Ela tem o nome de onde ela começa e de onde ela termina para evitar aumento de volume, edema, garroteamento. A imobilização tem que incluir uma articulação abaixo e acima da fratura ou do trauma. Ex. quebra o antebraço tem que envolver punho e cotovelo, fazendo uma luva tem que ter movimento de pronosupinação, a exceção é a fratura da clavícula). 1. goteira gessada, calha ou tala gessada: suropodálica, inguino-podálica. (imobilizações provisórias. Áxilo-palmar. Ou braquio-palmar. Antebráquio-palmar. Suro-podálica.
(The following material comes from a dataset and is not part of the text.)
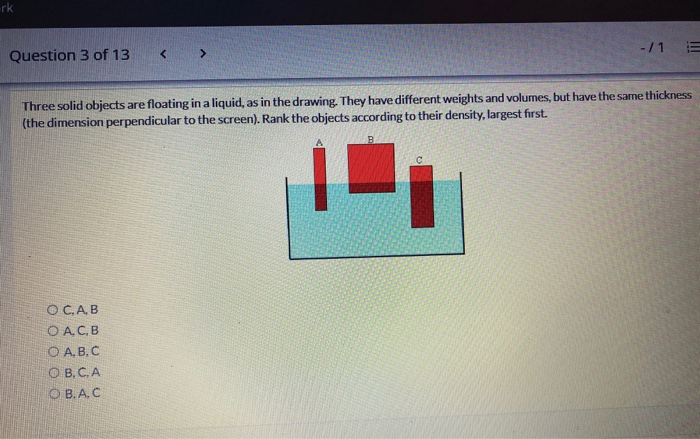 Solved ork - / 1 Question 3 of 13 Three solid objects | Chegg.com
Curopodálica. 2. colete ou colar de Schanz: para traumas leves da região cervical e torcicolo. (Você pode improvisar fazendo de algodão e atadura, ou papelão). 3. minerva: trauma da coluna cervical e dorsal alta. (essa é a imobilização da coluna cervical. Não dá pra tratar com colar de Schanz). Hoje é pouco utilizada. Trauma grave da coluna cervical e dorsal é cirúrgico. Pode também usar o colar de Filadelfia. 4. halogesso: fraturas estáveis ou após estabilização cirúrgica. (para dar mais estabilidade). 5. colete de Putti: traumas da coluna dorsal baixa e lombar. (gessado ou de plástico). Muito utilizado nas fraturas estáveis. 6. Velpeau: traumas escapulo-umeral—após redução de luxações, fraturas do colo, clavícula, omoplata e após cirurgias. (paciente teve trauma no ombro, luxação gleno-umeral. Faço a redução e posso colocar o velpeau. Hoje, está aprovado que as partes moles não cicatrizam, sendo desnecessários aqueles 21 dias. Tenho que suturar essas partes moles. Em idoso não pode, porque pode dar ombro congelado. Fraturas da escápula, após cirurgia do ombro). É mais preferível em criança que em adulto. A dipoia canadense é mais indicada no adulto. 7. Velpeau com malha: traumas no ombro (entorse, fraturas de clavícula- crianças). (pega uma malha tubular. Para entorses do ombro, fratura de clavícula, colo do úmero em criança. Esse pode ser trocado pela tipóia canadense, faz o mesmo efeito). 8. enfaixamento clavicular em 8: fraturas da clavícula. (fratura de clavícula. Ou você coloca uma tipóia tipo canadense ou você opera. Você se limita a não usar muito esse tipo de imobilização, só em fratura de clavícula em adulto, que fica cavalgado. E em criança, só uma tipóia.)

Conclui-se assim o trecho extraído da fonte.